Input data:
----
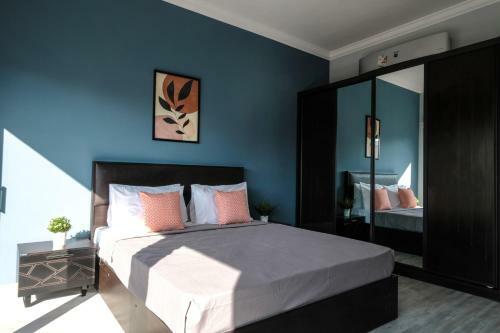 The Waterway 3 Bedroom Serviced Apartment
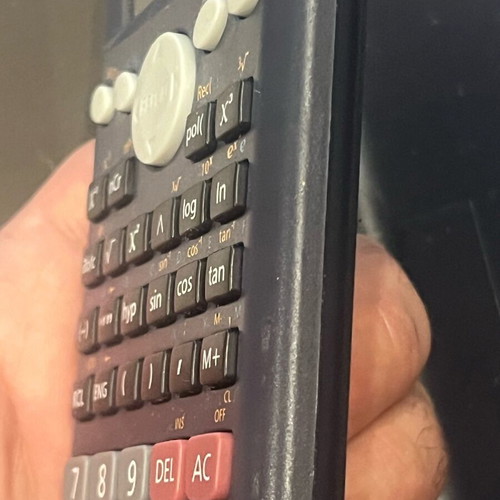 Deli 1710 scientific calculator like new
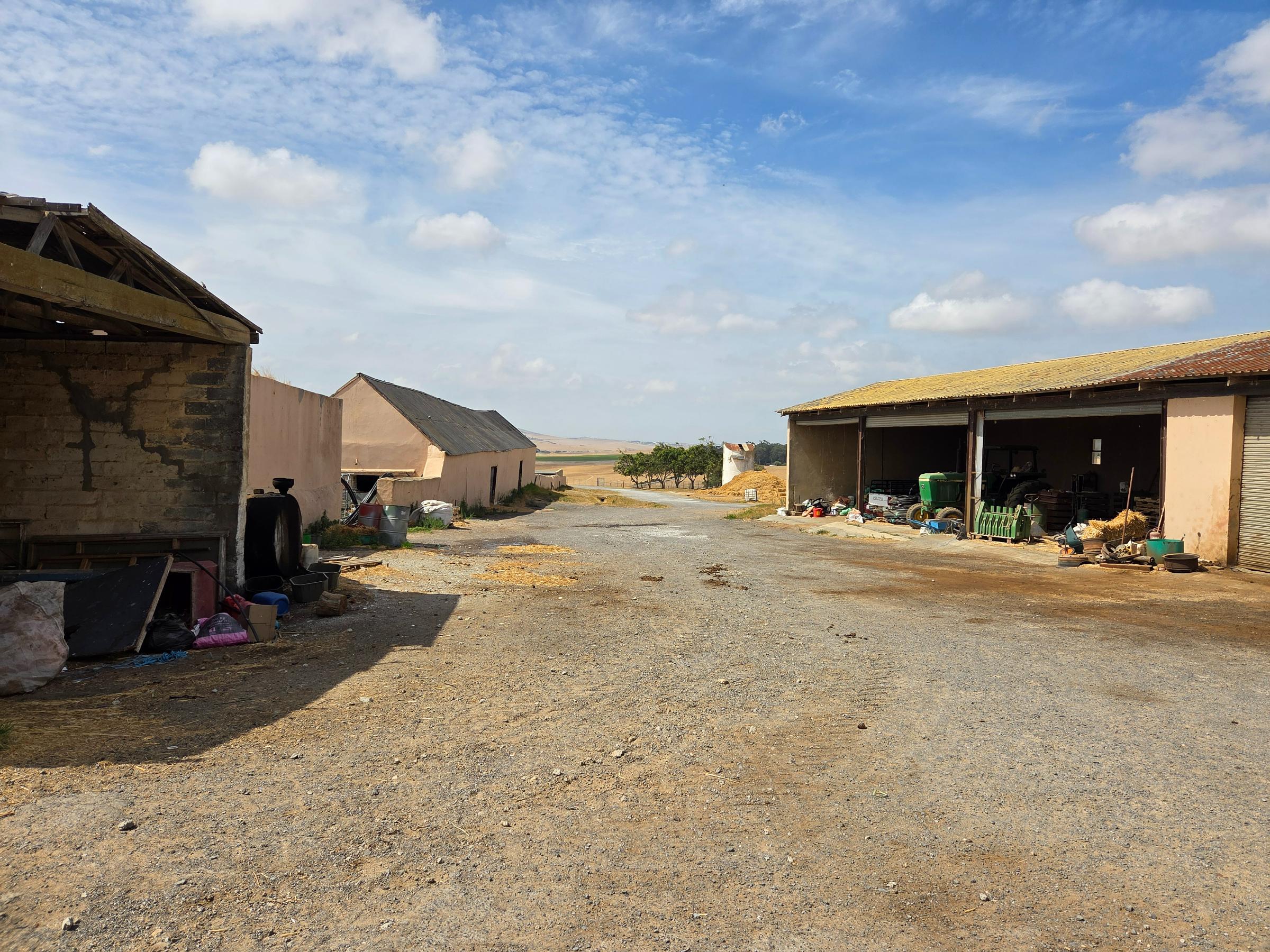 Olifants Oog, Cape Farms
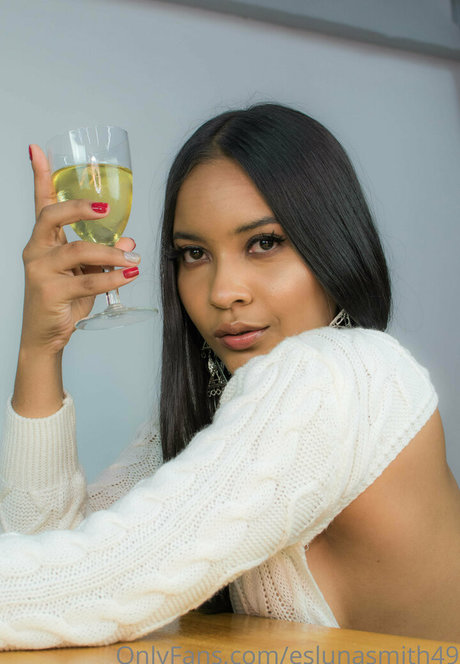 Eslunasmith49 photo 87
----
Problem requirements: Output only the lines that run from the line containing "Deli 1710 scientific calculator like new" to the last line of the data, exactly as they stand and without pictures.

Task result:
 Deli 1710 scientific calculator like new
 Olifants Oog, Cape Farms
 Eslunasmith49 photo 87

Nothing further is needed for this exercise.